◆ **WHAT YOU HAVE TO DO**: Please repeat, exactly and without pictures, the lines of the entries below that run from the one containing "Rasul Body Scrub" through the one containing "Produktbild: The Hunchback of Notre-Dame".

··· MATERIAL SHOWN

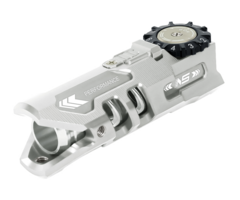 NexxSpeed CNC Aluminum Hopup Chamber AAP-01/C - Silver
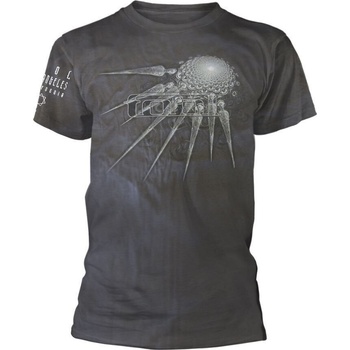 Tool Риза Phurba Unisex Grey M (RTTOO029M)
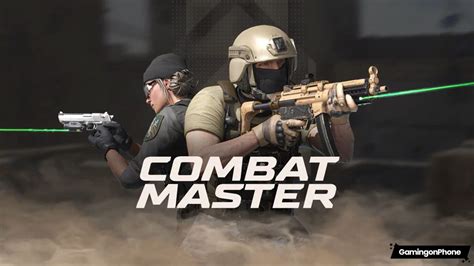 Combat Master set to relaunch as a new and improved game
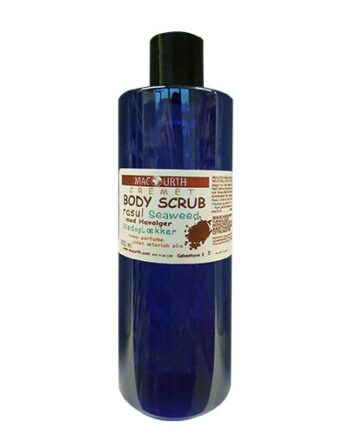 Rasul Body Scrub Med Havalger   350 Ml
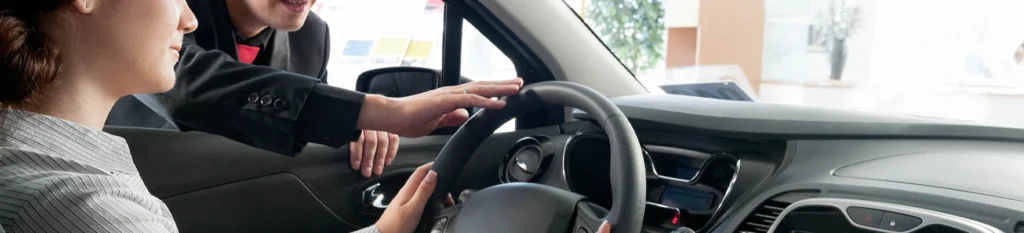 Navigating the Road to Your Drivers License A Step by Step Guide 1758 x 400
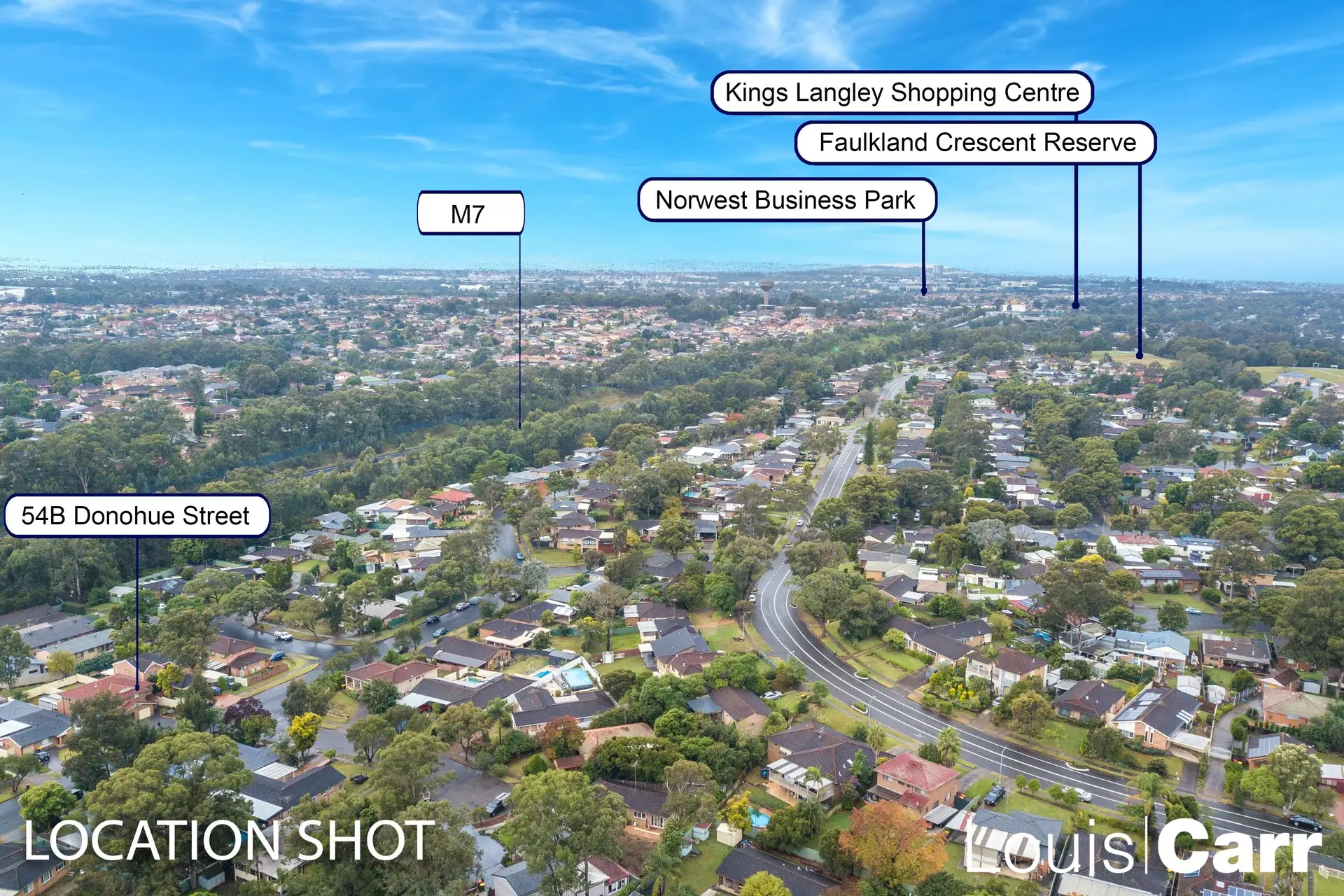 54B Donohue Street, Kings Park Sold by Louis Carr Real Estate - image 14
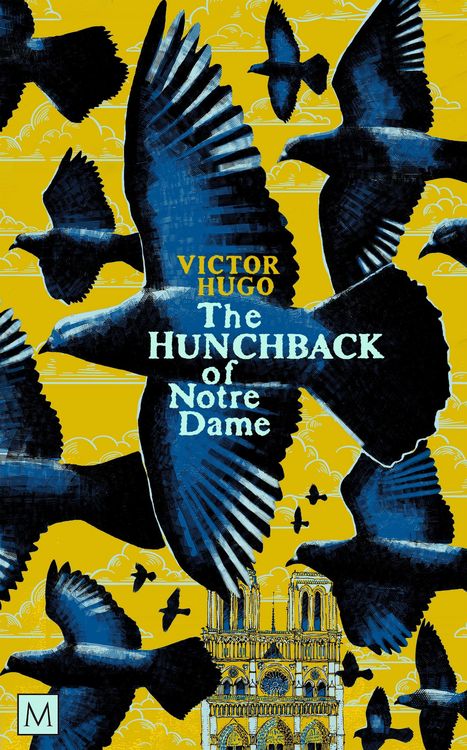 Produktbild: The Hunchback of Notre-Dame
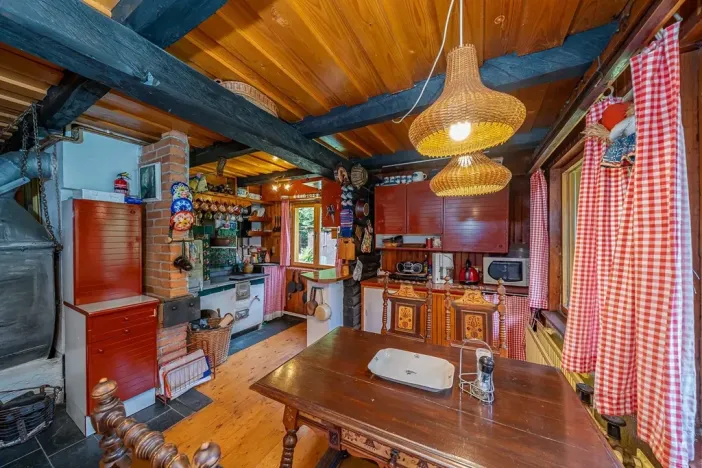 Prodej chaty, Malá Morávka, 108 m2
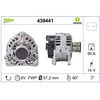 Image de Alternateur New Original Part 439441 Valeo Valeo 439441 Audi;Ford;Seat;Skoda;Volkswagen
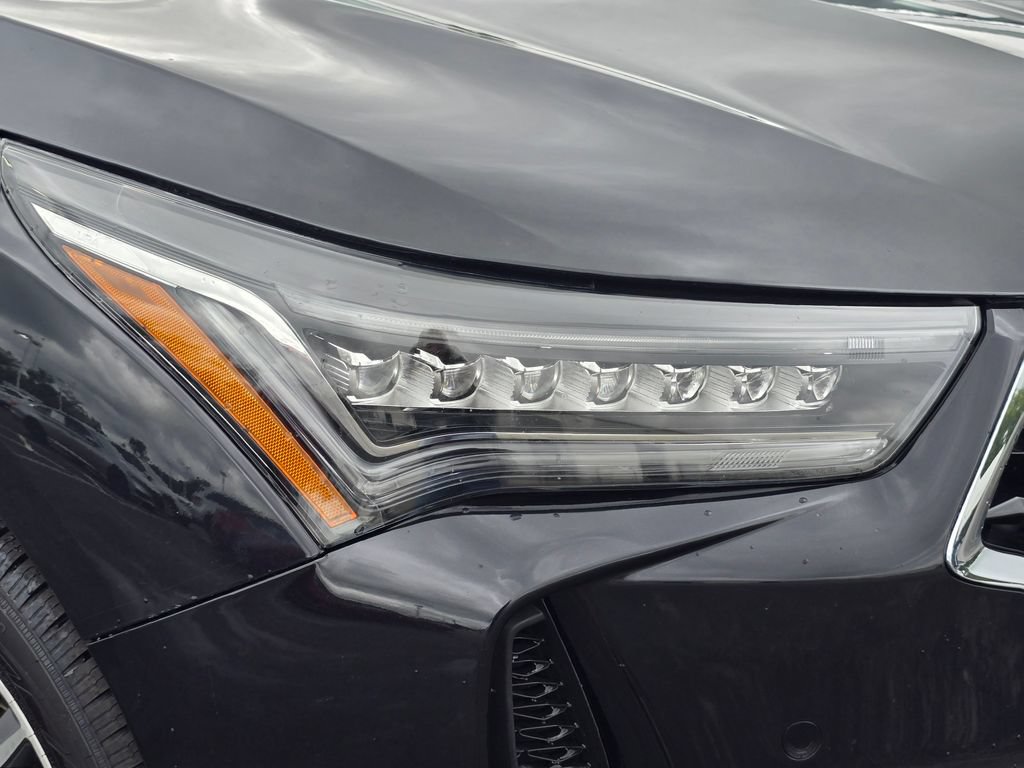 Used 2024 Acura RDX SH-AWD w/ Technology Package image 20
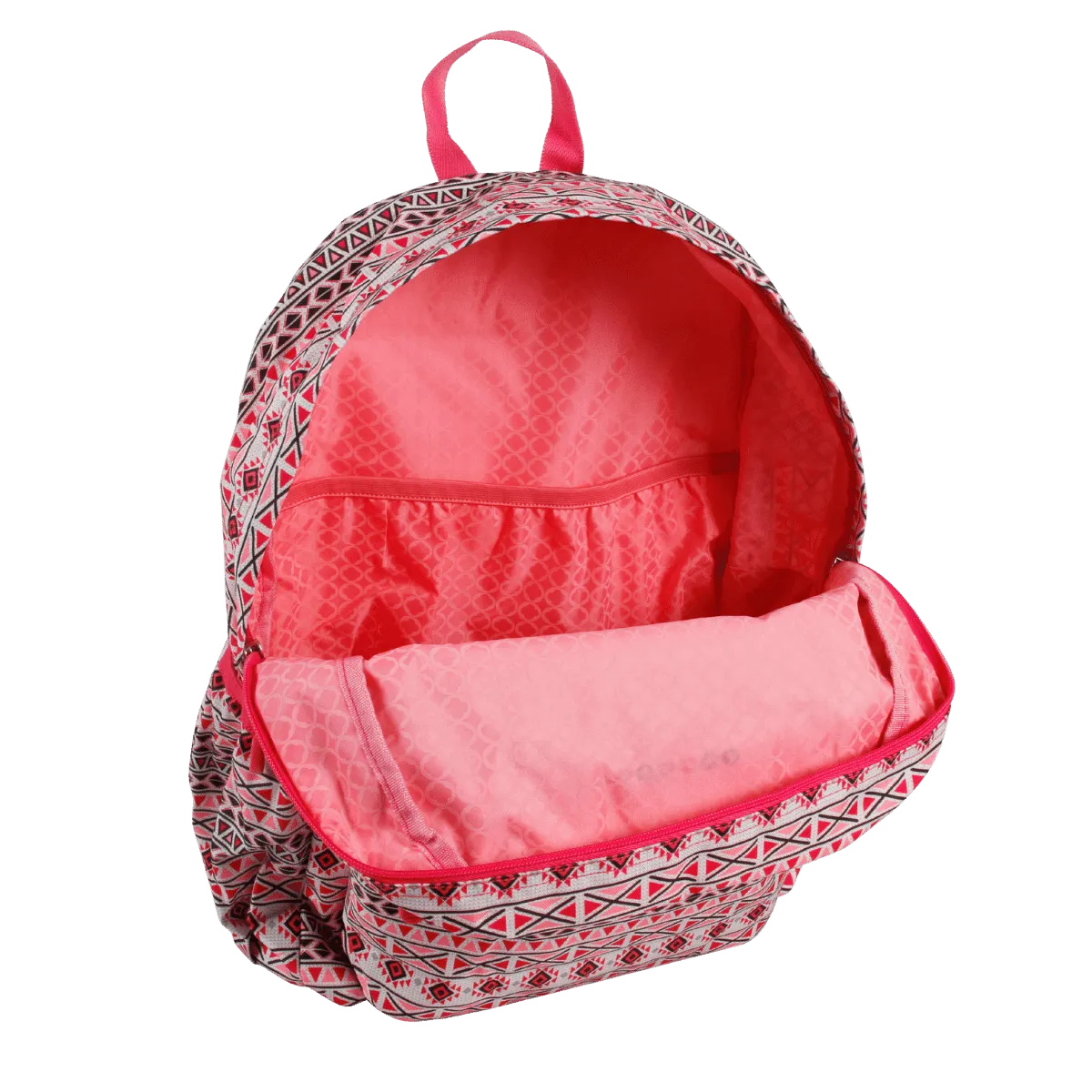 Oz Daypack Backpack in Skandi Pink - Final Sale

······

◆ **OUTPUT**:
 Rasul Body Scrub Med Havalger   350 Ml
 Navigating the Road to Your Drivers License A Step by Step Guide 1758 x 400
 54B Donohue Street, Kings Park Sold by Louis Carr Real Estate - image 14
 Produktbild: The Hunchback of Notre-Dame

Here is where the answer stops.